MATERIALS PROVIDED:
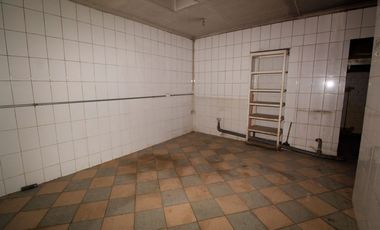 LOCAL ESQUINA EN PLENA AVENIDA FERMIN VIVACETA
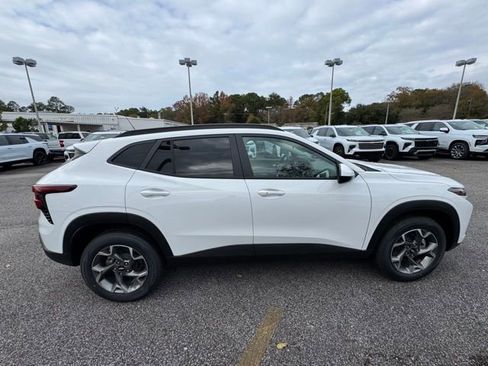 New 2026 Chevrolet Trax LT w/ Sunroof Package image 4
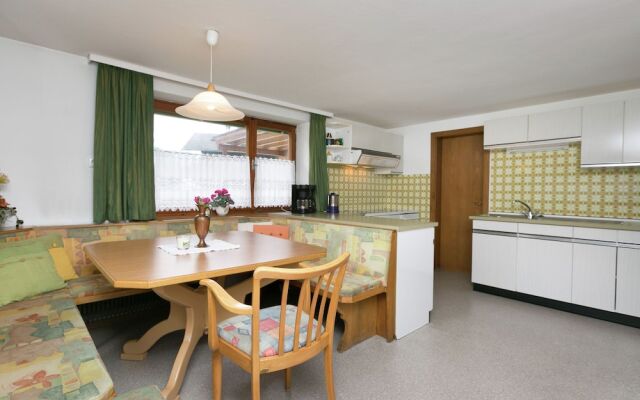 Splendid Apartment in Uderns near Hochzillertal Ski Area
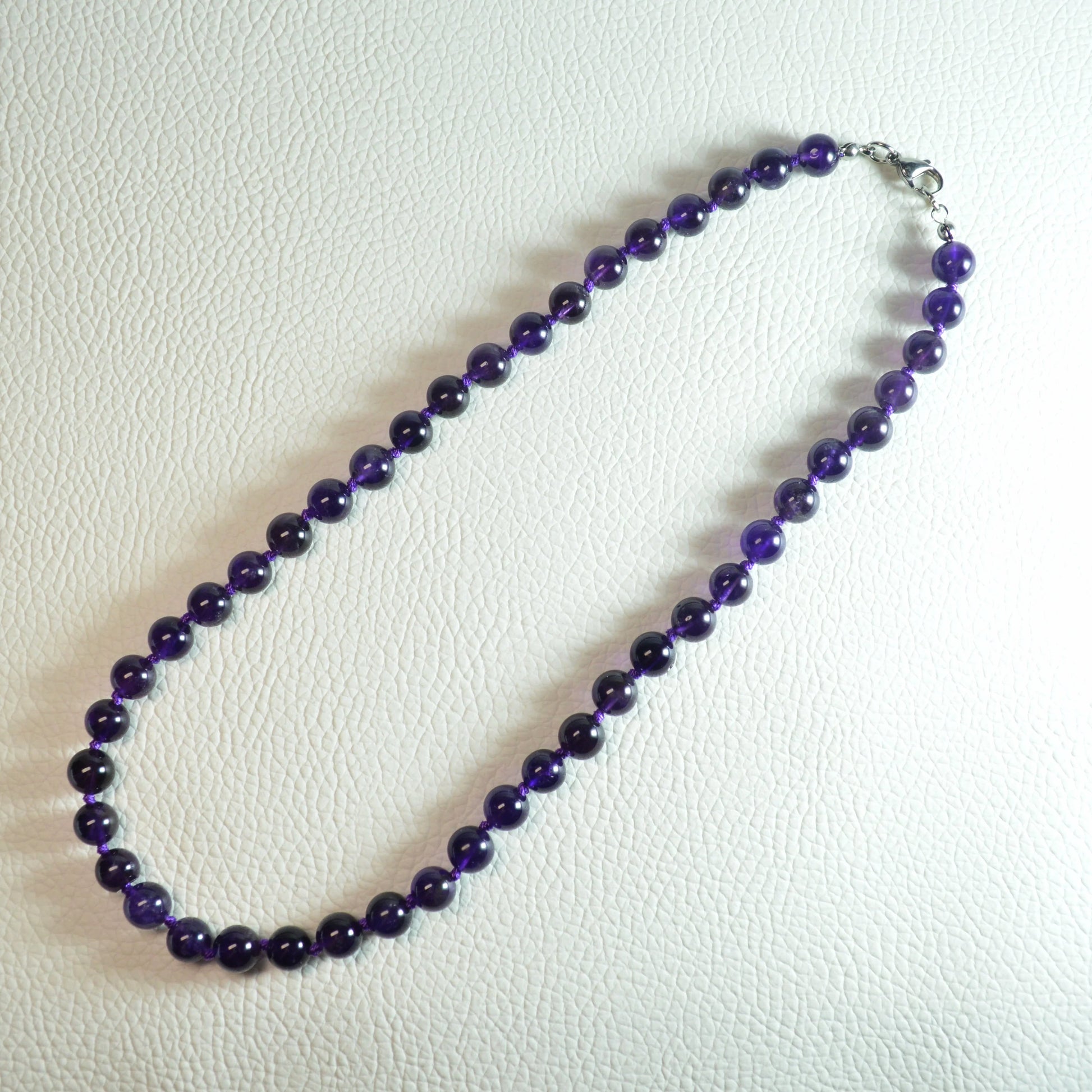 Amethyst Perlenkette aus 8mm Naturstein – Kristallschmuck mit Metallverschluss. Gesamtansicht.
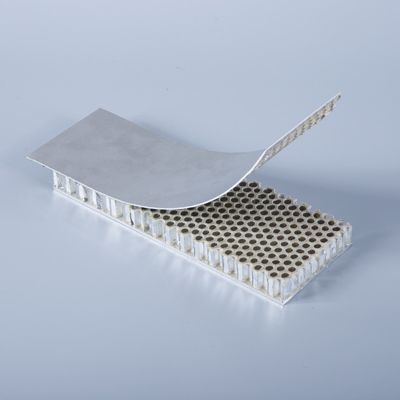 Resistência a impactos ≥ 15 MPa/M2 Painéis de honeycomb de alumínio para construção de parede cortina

THE PROBLEM:
From the line that holds "Amethyst Perlenkette aus" to the last line of the records, please copy each line exactly and nothing else. Pictures stay out.

THE ANSWER:
 Amethyst Perlenkette aus 8mm Naturstein – Kristallschmuck mit Metallverschluss. Gesamtansicht.
 Resistência a impactos ≥ 15 MPa/M2 Painéis de honeycomb de alumínio para construção de parede cortina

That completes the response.